General Considerations for Poetry Forms

I love poetry forms! They provide a gently disciplined way to force us to mold our ideas into a format. In the process, some really interesting insights can emerge. Not only do we reap the overall benefits of journaling, but we may also wind up with an original poem we really like! Who knows? We might even create an ode we can publish!

Rhyming poetry has gone through periods of time in which it was loved and hated by the literary elite. A decade or two ago, it seemed that serious poets rarely used any rhyme scheme. Now, with the popularity of rap music and spoken word artists, rhyming is popular again! In my opinion, that’s good! It’s true that racking your brain for rhyming words can result in a poem that sounds trite, but it can also be a lot of fun, and I think many of us lay poets (to distinguish us from the pros) really prefer to have our poems rhyme. And I think that among the general population, many folks have always liked for poetry to rhyme.

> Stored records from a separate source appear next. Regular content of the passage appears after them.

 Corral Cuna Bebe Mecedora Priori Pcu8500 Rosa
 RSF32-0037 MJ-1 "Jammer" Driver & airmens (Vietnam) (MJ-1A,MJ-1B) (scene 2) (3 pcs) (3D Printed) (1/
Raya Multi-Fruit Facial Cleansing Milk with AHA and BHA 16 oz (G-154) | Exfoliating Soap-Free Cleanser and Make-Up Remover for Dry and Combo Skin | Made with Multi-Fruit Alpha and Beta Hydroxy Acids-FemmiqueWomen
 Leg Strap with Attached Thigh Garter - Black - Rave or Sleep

There are a few terms I’ll be using when describing poetry. One is that I will be listing rhyme formats by letters. This means that each successive line’s rhyme will be an a, b, c, or so on. A simple example:

My puppy is black and white

He usually wags his tail

He howls relentlessly all night

And keeps me awake without fail.

The lines in the verse above follow an abab rhyme scheme. In other words, white and night are the (a) rhymes and tail and fail are the (b) rhymes.

Another term we will use is “feet.” Each line of a poem has a number of feet. This can vary a lot from poem to poem, but some forms pay a lot of attention to how many “feet” each line has. To demonstrate what feet are, let’s look at the puppy poem again. When you read it aloud, you’ll find yourself accenting several syllables in each line, or….

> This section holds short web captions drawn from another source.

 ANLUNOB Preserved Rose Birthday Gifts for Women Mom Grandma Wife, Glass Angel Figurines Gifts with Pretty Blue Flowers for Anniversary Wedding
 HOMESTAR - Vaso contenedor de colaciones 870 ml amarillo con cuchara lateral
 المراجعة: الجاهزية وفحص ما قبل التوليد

my PUP-py is BLACK and WHITE

he U-sually WAGS his TAIL

he HOWLS re-LENT-lessly all NIGHT

and KEEPS me a-WAKE without FAIL.

In the example above, I have put the accented syllables in all caps. Each accented syllable is a “foot” so we see that in this simple example, each line has three feet.

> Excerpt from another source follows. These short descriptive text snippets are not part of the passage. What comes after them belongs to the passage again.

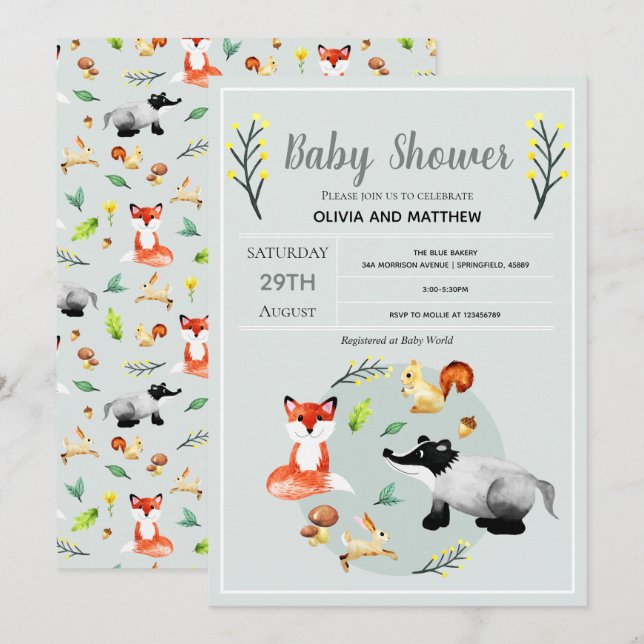 Invitación Cute Rustic Woodland Forest Animals Baby Shower (Anverso / Reverso)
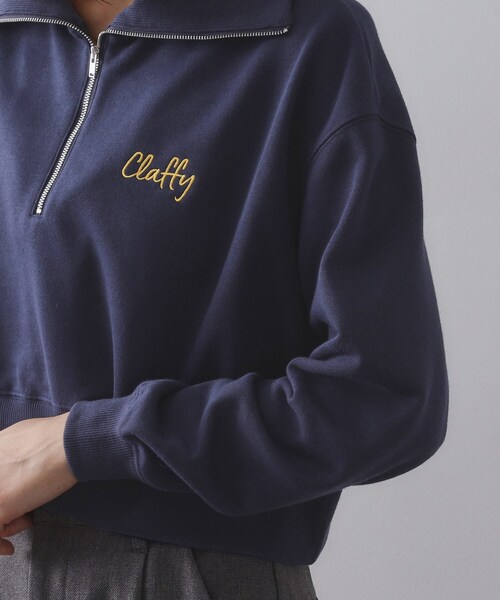 OPAQUE.CLIP(オペークドットクリップ)の「ロゴ刺繍ハーフジップトップス【洗濯機OK】(Tシャツ/カットソー・レディース・ネイビー/グレー・36/38/40)」の15枚目の写真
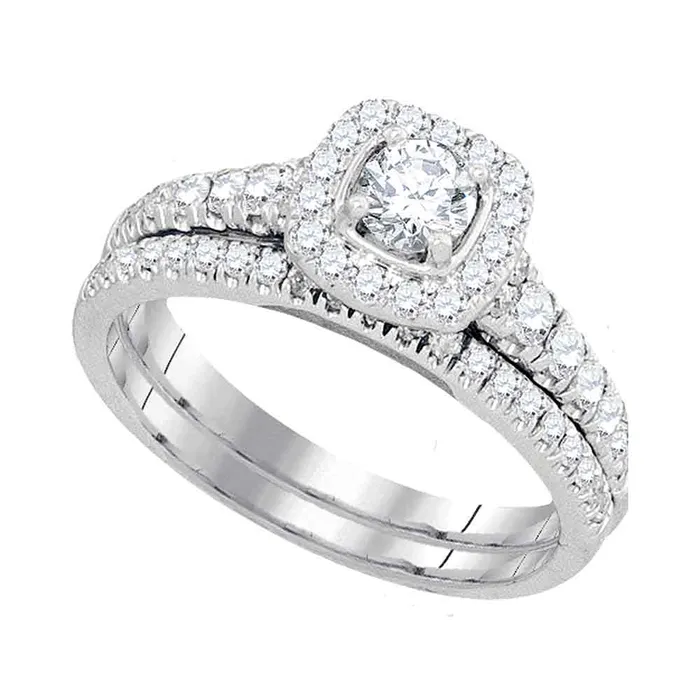 North Arrow Shop Rings 14kt white gold womens round diamond bridal wedding engagement ring band set 100 cttw93757 North Arrow Shop Rings 14kt white gold womens round diamond bridal wedding engagement ring band set 100 cttw93757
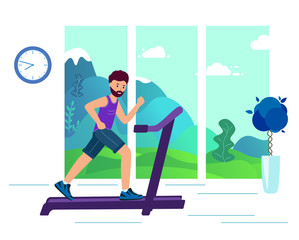 An adult Man on a treadmill doing sports in the background of the window. Sports room, fitness room. The concept of a healthy lifestyle. Bright Vector illustration in modern flat style.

A third term that comes up a lot in poetry forms is the syllable. Many poem forms count syllables. The most memorable is probably the haiku, which has lines of 5, 7, 5 syllables. Or, to take the puppy poem and make it into a haiku, we might say….

Puppy black and white

Wagging tail, howling all night….

Now I rarely sleep.

And with that crude beginning, we’re off. And by the way, don’t worry if these ideas seem new or odd. You will get used to them if you stick with me through this month of exploring the poetry forms as a vehicle to enhance our personal journaling journey.